## Supplied material

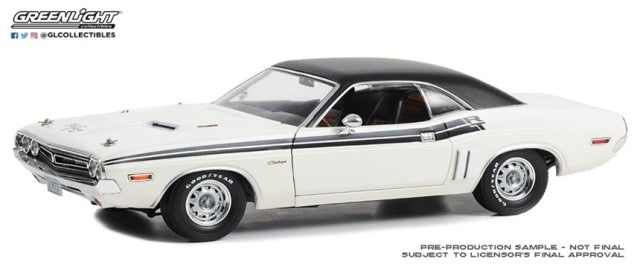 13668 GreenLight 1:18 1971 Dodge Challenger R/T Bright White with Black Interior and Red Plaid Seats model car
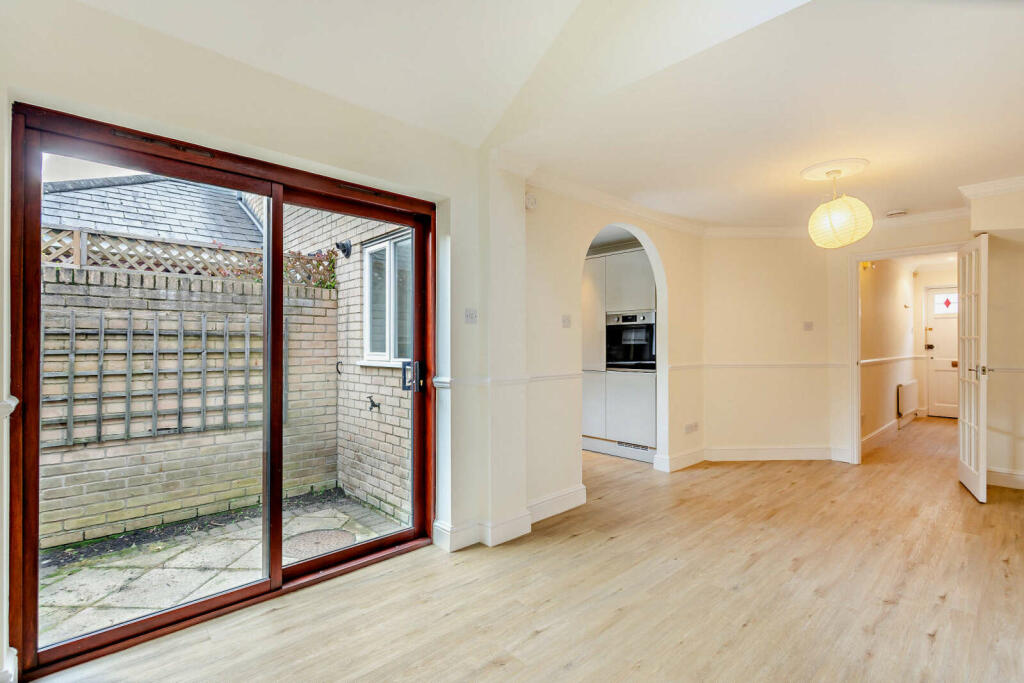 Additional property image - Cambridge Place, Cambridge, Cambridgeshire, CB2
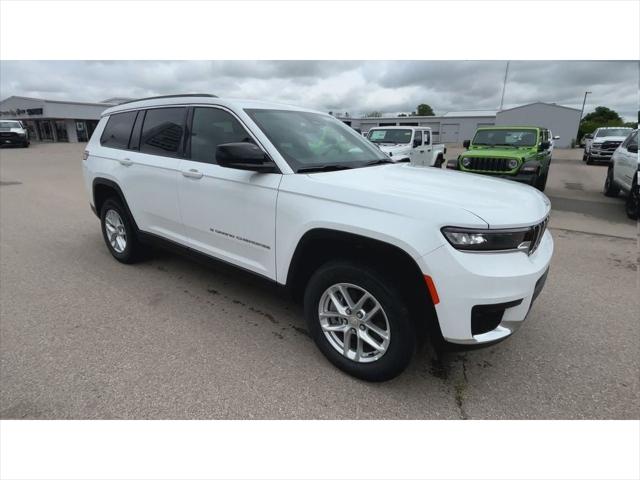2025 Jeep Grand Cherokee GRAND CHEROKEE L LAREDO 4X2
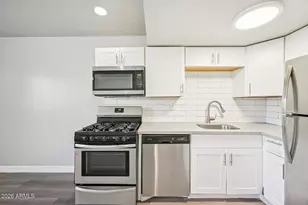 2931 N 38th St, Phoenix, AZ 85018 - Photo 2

## Work request
Using the listing above, write out exactly the lines from the one that holds "Additional property image" through the last line, both included, and omit pictures.

## Response
 Additional property image - Cambridge Place, Cambridge, Cambridgeshire, CB2
2025 Jeep Grand Cherokee GRAND CHEROKEE L LAREDO 4X2
 2931 N 38th St, Phoenix, AZ 85018 - Photo 2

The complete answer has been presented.